WORK INSTRUCTIONS
Reproduce exactly, and only, the lines below from the one containing "Мышь Ritmix ROM-305" through the one containing "Kết quả hoạt".

* * * * * * * * *

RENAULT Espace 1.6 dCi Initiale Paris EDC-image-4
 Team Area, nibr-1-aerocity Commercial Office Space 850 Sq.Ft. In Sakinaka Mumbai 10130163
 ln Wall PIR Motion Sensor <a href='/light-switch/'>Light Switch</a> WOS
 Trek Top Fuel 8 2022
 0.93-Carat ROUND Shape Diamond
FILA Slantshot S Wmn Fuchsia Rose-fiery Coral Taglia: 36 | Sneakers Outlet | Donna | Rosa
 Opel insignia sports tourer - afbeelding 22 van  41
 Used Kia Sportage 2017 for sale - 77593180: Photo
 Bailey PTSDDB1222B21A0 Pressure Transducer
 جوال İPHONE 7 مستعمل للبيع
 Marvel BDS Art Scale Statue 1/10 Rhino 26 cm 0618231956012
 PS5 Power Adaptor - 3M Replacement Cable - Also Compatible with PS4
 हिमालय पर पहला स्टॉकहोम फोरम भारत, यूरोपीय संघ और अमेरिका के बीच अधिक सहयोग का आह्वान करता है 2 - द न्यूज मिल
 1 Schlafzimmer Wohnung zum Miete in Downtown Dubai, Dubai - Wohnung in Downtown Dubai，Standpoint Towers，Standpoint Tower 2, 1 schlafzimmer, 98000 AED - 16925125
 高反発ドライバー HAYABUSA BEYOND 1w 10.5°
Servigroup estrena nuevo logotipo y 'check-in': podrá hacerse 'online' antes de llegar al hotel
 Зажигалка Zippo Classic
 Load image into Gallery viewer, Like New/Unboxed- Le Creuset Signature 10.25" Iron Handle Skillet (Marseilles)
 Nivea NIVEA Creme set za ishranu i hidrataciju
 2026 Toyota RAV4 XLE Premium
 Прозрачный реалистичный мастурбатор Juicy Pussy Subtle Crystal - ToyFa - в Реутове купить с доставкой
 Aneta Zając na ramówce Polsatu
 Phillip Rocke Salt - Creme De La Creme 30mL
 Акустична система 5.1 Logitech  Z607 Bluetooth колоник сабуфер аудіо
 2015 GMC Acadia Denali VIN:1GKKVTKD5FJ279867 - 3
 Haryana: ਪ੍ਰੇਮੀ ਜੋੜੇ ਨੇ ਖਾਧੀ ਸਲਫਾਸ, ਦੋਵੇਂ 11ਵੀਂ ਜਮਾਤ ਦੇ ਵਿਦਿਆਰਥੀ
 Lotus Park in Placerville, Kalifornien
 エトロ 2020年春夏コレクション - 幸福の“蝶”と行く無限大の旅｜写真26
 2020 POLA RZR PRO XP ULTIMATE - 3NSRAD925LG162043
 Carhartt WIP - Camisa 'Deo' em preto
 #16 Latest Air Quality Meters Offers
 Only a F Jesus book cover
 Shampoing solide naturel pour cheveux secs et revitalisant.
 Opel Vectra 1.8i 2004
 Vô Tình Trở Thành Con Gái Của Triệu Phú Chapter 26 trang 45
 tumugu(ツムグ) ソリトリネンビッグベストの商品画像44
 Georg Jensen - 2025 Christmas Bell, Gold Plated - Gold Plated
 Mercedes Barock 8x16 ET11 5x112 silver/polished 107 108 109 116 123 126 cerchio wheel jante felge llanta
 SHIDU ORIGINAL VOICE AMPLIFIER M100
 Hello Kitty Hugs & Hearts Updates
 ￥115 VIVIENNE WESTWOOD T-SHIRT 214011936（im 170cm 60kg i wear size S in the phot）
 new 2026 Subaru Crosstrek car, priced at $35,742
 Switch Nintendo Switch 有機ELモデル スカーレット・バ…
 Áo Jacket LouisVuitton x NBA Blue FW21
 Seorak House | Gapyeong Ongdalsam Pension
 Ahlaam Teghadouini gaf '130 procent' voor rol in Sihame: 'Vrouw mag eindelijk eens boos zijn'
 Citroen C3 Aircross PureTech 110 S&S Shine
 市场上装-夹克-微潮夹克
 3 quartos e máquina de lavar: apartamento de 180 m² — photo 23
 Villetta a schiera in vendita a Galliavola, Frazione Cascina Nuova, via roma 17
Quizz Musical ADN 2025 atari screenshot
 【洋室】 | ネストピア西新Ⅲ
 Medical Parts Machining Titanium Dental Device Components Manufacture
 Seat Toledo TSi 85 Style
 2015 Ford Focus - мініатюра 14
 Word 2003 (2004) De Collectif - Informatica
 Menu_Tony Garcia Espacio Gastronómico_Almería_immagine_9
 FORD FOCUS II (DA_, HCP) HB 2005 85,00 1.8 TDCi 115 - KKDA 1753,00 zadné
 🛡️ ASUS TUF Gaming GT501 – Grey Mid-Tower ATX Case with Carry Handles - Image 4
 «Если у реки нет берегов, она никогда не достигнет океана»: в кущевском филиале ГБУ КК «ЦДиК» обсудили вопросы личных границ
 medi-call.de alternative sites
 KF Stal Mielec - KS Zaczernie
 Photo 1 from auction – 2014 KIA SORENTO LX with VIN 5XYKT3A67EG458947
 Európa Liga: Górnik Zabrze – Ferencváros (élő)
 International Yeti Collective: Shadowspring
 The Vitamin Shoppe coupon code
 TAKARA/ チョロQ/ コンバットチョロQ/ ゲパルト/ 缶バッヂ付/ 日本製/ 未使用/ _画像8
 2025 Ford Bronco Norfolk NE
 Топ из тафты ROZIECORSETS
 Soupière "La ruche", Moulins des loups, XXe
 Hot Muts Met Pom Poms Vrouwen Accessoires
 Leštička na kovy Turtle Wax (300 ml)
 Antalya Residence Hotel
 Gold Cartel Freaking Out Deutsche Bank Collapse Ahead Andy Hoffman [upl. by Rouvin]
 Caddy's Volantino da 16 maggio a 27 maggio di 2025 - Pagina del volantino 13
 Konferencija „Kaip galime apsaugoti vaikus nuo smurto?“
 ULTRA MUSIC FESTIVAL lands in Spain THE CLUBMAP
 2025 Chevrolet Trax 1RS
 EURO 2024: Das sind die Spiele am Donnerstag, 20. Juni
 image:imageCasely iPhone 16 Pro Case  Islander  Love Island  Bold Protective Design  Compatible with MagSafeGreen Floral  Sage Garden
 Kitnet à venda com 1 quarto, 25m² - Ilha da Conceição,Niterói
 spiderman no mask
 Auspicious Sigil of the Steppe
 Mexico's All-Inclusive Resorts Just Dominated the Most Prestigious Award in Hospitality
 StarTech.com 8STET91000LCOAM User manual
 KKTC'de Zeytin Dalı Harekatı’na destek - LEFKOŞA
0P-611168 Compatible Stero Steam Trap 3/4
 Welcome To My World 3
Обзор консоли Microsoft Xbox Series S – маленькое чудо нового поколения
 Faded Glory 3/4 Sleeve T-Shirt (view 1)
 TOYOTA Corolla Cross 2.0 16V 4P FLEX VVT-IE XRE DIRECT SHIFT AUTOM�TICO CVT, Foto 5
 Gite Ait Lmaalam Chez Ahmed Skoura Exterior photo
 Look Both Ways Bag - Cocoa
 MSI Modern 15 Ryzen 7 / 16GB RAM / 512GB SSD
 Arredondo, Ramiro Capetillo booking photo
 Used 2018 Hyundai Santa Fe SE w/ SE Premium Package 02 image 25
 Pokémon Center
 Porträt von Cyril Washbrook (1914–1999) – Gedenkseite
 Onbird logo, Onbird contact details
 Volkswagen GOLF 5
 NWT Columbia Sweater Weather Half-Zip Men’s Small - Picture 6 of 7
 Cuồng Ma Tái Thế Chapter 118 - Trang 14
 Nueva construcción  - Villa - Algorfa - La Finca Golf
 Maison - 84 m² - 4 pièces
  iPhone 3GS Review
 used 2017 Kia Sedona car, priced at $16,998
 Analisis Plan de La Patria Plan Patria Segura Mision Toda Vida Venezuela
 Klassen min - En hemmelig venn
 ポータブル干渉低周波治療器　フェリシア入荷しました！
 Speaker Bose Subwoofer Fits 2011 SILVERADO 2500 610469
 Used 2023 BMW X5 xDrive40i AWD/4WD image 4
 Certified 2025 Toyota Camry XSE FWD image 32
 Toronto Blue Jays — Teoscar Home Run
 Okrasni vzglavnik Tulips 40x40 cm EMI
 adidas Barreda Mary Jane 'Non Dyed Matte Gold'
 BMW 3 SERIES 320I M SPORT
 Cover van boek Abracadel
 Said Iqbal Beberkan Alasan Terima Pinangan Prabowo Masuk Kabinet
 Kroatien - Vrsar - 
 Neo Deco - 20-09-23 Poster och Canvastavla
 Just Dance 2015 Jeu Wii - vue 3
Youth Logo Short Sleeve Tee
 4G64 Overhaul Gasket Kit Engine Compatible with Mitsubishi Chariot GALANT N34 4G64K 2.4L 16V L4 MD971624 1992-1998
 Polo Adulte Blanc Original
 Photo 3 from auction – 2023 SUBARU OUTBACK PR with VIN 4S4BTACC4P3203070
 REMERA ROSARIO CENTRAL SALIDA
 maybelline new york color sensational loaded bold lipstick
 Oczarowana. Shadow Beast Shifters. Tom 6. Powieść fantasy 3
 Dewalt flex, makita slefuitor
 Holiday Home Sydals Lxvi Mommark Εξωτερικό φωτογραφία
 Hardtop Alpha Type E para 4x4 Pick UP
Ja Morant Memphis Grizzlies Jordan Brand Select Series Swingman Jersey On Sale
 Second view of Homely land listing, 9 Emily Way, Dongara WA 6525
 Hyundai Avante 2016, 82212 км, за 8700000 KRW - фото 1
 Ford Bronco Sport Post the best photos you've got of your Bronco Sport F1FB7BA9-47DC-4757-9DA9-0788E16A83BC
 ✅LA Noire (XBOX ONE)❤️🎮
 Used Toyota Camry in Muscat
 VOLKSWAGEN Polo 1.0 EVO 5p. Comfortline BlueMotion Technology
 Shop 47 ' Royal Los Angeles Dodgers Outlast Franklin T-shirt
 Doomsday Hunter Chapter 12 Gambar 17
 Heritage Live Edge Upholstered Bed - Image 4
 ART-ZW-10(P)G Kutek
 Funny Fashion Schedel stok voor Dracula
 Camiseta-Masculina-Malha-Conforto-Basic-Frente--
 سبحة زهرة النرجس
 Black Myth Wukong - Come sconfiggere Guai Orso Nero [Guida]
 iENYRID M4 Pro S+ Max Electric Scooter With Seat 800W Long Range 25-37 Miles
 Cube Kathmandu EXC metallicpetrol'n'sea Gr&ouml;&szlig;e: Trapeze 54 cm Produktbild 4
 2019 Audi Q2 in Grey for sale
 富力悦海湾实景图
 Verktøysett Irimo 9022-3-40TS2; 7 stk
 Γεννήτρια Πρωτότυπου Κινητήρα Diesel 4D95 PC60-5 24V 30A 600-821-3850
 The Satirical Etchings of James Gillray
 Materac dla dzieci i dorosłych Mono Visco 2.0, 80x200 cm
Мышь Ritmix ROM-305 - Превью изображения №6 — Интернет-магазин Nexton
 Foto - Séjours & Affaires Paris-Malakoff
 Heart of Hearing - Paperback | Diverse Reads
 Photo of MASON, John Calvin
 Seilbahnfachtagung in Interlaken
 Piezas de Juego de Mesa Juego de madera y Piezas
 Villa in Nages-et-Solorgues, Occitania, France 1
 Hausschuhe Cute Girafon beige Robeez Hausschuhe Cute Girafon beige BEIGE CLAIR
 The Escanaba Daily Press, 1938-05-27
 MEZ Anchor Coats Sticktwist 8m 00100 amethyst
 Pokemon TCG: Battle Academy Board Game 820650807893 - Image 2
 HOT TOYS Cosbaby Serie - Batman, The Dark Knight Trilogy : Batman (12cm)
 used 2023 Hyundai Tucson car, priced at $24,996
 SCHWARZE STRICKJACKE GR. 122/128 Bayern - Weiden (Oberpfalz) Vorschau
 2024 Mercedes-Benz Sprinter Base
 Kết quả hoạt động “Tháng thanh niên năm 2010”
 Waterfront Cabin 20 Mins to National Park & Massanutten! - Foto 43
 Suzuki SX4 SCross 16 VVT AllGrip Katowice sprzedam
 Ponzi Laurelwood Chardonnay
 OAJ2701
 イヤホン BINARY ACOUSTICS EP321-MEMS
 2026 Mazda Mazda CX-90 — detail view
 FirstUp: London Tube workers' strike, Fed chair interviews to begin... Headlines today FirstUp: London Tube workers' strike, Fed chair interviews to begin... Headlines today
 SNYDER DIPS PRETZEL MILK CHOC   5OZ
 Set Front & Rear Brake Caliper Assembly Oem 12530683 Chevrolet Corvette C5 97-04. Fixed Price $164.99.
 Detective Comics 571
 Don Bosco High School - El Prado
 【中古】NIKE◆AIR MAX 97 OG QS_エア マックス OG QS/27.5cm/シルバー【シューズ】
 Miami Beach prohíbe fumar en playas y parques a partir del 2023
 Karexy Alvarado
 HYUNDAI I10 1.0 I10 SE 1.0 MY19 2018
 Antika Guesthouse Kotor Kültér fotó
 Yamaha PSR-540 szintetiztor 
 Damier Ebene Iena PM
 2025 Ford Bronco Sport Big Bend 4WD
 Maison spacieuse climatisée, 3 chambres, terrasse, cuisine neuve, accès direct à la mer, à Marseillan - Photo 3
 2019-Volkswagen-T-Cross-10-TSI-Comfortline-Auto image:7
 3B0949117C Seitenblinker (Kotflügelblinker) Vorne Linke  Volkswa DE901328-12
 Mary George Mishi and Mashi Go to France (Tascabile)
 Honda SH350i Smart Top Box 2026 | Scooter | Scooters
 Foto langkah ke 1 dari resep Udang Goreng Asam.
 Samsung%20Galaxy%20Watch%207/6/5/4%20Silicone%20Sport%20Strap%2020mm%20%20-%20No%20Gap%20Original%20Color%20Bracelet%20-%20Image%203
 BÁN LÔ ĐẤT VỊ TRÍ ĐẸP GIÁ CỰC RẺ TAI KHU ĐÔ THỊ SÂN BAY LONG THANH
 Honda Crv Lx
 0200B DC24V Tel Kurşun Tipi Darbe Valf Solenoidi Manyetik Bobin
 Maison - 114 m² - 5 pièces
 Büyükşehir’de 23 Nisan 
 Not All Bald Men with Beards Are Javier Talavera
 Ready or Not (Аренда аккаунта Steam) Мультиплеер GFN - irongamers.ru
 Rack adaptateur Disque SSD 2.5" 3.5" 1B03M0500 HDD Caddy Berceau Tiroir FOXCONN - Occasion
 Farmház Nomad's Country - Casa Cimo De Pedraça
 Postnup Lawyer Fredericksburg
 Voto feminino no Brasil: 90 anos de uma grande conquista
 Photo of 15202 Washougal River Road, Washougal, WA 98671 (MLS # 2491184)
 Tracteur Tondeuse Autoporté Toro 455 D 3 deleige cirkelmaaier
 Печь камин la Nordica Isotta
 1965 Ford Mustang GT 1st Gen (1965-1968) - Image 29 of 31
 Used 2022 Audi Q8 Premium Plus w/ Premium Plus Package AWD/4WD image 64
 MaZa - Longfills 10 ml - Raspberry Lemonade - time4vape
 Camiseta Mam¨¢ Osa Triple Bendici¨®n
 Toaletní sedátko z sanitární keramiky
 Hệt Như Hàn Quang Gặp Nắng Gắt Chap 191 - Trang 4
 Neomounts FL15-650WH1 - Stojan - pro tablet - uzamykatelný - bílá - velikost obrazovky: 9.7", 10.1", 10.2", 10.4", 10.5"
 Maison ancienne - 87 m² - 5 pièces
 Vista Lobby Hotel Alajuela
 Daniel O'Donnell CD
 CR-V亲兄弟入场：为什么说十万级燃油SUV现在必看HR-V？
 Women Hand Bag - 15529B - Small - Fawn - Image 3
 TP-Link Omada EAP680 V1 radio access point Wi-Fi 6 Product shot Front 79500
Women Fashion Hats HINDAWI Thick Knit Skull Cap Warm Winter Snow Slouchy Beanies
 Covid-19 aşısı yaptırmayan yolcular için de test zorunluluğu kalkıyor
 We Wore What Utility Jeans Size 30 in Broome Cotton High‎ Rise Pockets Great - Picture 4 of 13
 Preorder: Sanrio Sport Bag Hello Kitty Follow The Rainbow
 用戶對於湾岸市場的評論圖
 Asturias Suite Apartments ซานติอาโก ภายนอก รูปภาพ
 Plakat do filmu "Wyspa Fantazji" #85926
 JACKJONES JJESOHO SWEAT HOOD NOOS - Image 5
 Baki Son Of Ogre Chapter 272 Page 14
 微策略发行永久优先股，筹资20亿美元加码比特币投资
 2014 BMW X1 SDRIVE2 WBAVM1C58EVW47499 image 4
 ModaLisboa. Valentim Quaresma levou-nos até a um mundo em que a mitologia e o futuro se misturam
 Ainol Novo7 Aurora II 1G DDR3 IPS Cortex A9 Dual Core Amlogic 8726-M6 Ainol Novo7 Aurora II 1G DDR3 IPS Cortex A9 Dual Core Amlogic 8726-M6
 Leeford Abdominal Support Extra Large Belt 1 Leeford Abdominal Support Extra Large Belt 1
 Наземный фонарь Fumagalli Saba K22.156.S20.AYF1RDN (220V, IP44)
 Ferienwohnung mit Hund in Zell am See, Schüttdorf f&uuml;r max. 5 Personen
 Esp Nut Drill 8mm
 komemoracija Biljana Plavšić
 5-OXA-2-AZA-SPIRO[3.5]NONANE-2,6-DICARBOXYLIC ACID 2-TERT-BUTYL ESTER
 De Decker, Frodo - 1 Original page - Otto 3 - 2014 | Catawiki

* * * * * * * * *

EXPECTED ANSWER
Мышь Ritmix ROM-305 - Превью изображения №6 — Интернет-магазин Nexton
 Foto - Séjours & Affaires Paris-Malakoff
 Heart of Hearing - Paperback | Diverse Reads
 Photo of MASON, John Calvin
 Seilbahnfachtagung in Interlaken
 Piezas de Juego de Mesa Juego de madera y Piezas
 Villa in Nages-et-Solorgues, Occitania, France 1
 Hausschuhe Cute Girafon beige Robeez Hausschuhe Cute Girafon beige BEIGE CLAIR
 The Escanaba Daily Press, 1938-05-27
 MEZ Anchor Coats Sticktwist 8m 00100 amethyst
 Pokemon TCG: Battle Academy Board Game 820650807893 - Image 2
 HOT TOYS Cosbaby Serie - Batman, The Dark Knight Trilogy : Batman (12cm)
 used 2023 Hyundai Tucson car, priced at $24,996
 SCHWARZE STRICKJACKE GR. 122/128 Bayern - Weiden (Oberpfalz) Vorschau
 2024 Mercedes-Benz Sprinter Base
 Kết quả hoạt động “Tháng thanh niên năm 2010”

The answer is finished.